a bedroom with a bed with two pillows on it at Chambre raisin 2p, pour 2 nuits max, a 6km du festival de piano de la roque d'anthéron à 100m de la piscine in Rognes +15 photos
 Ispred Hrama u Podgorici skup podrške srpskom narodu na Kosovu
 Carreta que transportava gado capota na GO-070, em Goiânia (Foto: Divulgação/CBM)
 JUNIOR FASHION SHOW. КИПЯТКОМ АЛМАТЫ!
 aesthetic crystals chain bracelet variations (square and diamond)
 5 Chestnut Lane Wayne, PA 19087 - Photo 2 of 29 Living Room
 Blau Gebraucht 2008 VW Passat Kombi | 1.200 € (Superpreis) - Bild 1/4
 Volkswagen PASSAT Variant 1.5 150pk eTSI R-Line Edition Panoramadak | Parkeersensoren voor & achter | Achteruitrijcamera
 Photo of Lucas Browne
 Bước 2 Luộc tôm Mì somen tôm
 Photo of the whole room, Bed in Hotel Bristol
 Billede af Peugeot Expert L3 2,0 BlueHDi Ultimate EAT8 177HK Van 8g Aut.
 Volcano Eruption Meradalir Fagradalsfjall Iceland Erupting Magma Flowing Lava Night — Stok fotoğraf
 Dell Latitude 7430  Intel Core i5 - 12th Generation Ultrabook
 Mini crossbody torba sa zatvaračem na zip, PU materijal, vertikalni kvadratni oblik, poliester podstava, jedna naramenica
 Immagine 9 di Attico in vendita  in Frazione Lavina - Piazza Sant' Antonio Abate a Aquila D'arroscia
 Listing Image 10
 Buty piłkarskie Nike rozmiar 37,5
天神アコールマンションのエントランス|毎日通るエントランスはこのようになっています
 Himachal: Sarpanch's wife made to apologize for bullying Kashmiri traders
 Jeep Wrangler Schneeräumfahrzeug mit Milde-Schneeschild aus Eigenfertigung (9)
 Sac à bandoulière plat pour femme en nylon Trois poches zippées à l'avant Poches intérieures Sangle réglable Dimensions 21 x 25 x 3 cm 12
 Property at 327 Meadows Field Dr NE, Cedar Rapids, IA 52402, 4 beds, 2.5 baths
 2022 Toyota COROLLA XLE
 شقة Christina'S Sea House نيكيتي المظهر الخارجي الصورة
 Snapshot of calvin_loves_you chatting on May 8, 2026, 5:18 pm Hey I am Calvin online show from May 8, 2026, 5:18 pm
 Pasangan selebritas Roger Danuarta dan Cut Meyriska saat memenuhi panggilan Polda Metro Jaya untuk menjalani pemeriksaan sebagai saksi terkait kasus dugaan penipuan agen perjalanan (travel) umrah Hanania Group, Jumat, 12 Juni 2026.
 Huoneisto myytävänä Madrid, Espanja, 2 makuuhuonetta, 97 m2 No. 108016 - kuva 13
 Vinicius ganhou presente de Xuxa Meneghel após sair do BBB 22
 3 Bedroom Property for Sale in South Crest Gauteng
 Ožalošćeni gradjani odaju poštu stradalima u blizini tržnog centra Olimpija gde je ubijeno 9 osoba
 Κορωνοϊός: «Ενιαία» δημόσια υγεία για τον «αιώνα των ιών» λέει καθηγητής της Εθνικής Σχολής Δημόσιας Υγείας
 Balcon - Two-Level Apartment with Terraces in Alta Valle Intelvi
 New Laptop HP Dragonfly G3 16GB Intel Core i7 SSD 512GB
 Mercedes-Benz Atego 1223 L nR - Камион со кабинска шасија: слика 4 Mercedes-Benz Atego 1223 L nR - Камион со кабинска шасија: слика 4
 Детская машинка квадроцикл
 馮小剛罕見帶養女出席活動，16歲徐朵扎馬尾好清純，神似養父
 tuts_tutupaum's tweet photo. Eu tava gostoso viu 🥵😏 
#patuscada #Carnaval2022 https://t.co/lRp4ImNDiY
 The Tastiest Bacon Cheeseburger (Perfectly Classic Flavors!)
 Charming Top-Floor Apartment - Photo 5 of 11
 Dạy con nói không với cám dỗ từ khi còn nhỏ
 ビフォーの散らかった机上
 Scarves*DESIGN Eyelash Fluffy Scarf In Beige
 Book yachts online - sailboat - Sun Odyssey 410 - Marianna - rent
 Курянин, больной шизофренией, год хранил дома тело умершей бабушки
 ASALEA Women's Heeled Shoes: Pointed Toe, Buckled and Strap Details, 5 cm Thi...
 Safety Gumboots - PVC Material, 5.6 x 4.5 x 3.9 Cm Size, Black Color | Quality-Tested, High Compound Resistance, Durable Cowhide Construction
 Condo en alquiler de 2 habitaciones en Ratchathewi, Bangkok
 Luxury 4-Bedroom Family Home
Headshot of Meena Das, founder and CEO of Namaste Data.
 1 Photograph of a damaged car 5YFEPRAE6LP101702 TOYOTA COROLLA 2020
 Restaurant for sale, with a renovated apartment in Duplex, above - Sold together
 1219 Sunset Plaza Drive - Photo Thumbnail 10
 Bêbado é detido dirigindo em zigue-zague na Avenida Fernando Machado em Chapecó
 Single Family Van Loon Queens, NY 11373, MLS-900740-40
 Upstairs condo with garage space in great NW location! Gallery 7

....................

- [TASK STATEMENT] Print, from the entries above, the line with "Sac à bandoulière", the line with "2022 Toyota COROLLA XLE" and all lines between them, exactly and with nothing else.

- [SOLUTION BELOW]
 Sac à bandoulière plat pour femme en nylon Trois poches zippées à l'avant Poches intérieures Sangle réglable Dimensions 21 x 25 x 3 cm 12
 Property at 327 Meadows Field Dr NE, Cedar Rapids, IA 52402, 4 beds, 2.5 baths
 2022 Toyota COROLLA XLE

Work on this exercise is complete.